──────── Data for the task ────────

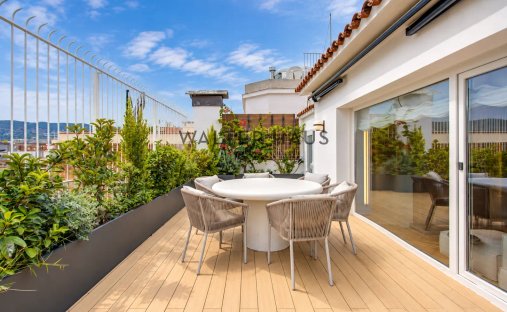 Wohnung in Sarrià-Sant Gervasi, Barcelona, Spanien 1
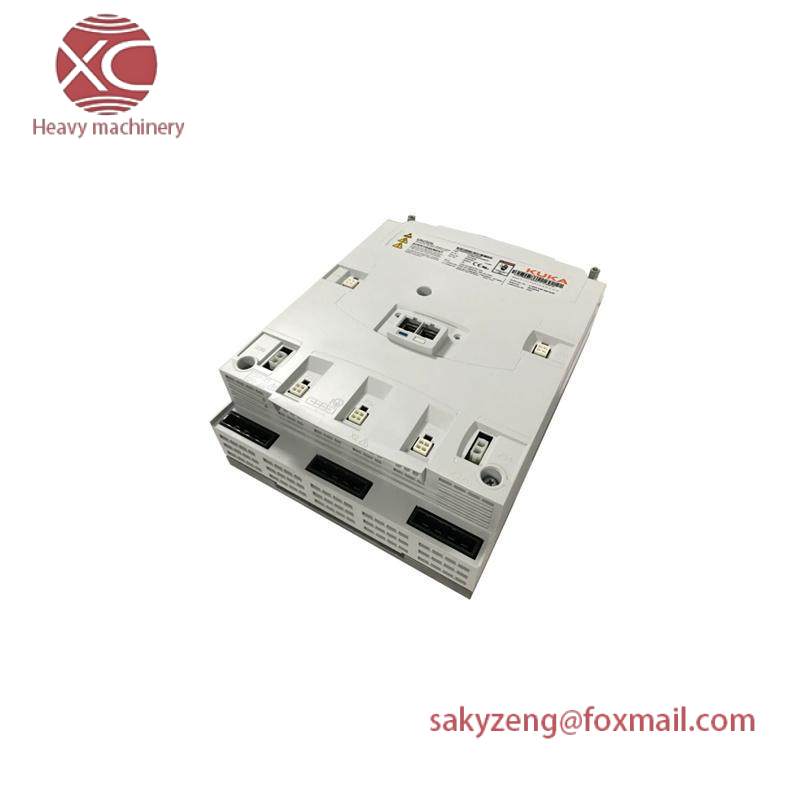 KUKA KSP 600 3X64 UL ：00-198-269 Servo Drive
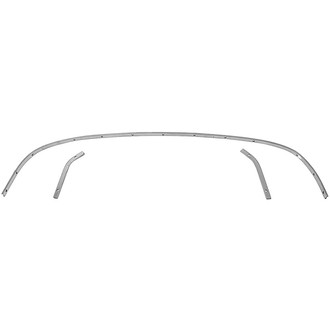 OER® - Convertible Top Rear Tack Strip Bow Set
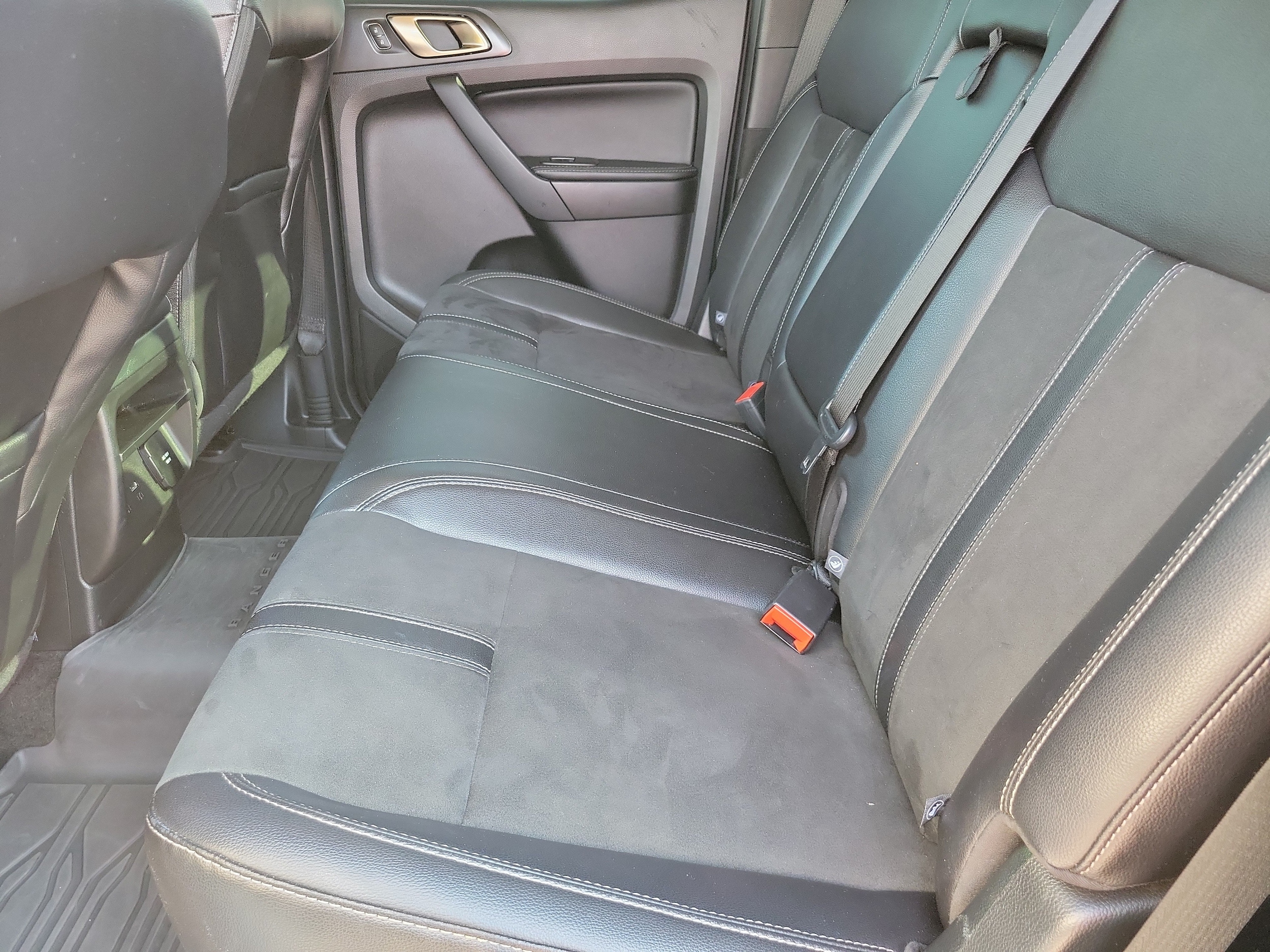 2021 Ford Ranger Lariat - Photo 17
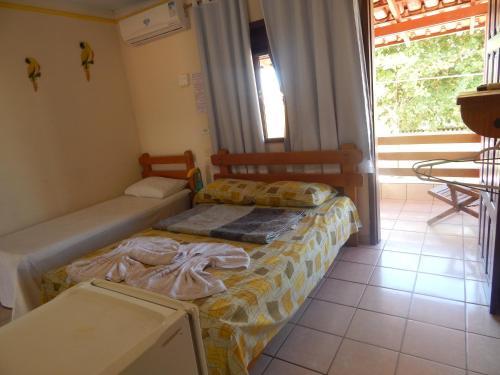 Hostal Pousada Maresias Guriri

────────

▶ [Directions]:
Retype all entries exactly, without the images.

▶ [Output of the exercise]:
 Wohnung in Sarrià-Sant Gervasi, Barcelona, Spanien 1
 KUKA KSP 600 3X64 UL ：00-198-269 Servo Drive
 OER® - Convertible Top Rear Tack Strip Bow Set
 2021 Ford Ranger Lariat - Photo 17
 Hostal Pousada Maresias Guriri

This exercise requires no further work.